Birational morphism of the affine line

Question

Let $k$ be an algebraically closed field. Suppose $K$ has characteristic nonzero, can we characterize the birational morphism of $A^1$ the way we characterize isomorphisms(all linear maps)? I know it will not be as specific, but do we have any general ideas of what they are? For instance, is the Frobenius morphism birational? Thanks in advance.

Answer 1

One way you can solve this is by recognizing that a morphism is a birational equivalence iff it is dominant and the induced extension of function fields is an isomorphism. Here, our morphism is given by $t\mapsto f(t)$ for some polynomial $f\in k[t]$, and this is dominant iff $f$ is nonconstant. The map on function fields is then $k(t) \to k(t)$ by $t\mapsto f(t)$.
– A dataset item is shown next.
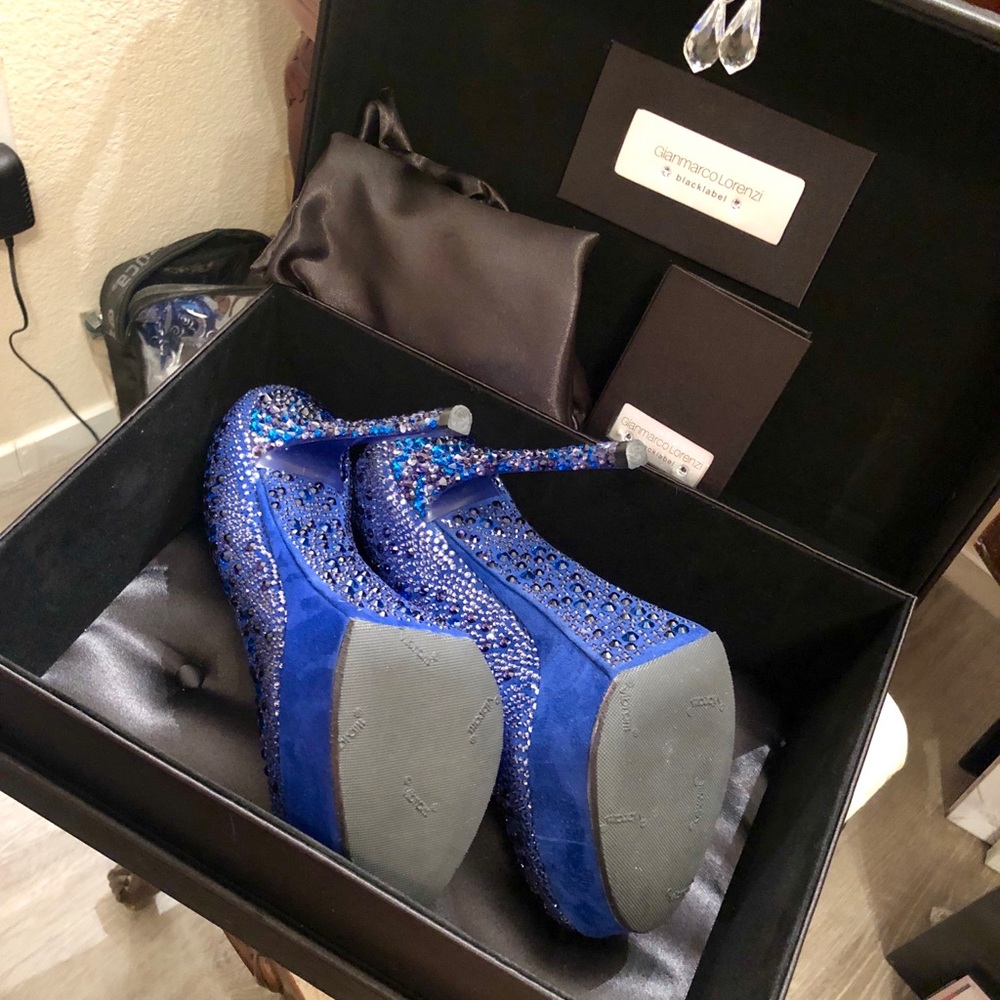 Gianmarco Lorenzi blue crystal heels 38 - Picture 15 of 16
To determine the degree of this field extension and whether it is an isomorphism, here is an elementary abstract algebra exercise: if $\varphi:k(t)\to k(t)$ is a homomorphism of fields, then it is of the form $t\mapsto \frac{f(t)}{g(t)}$ for polynomials $f,g$, and the degree of the field extension is $\max(\deg f,\max \deg g)$. In our case, $g=1$, so the degree of the field extension is $\deg f$, so our map is a birational map iff $f$ is a degree one polynomial in $t$.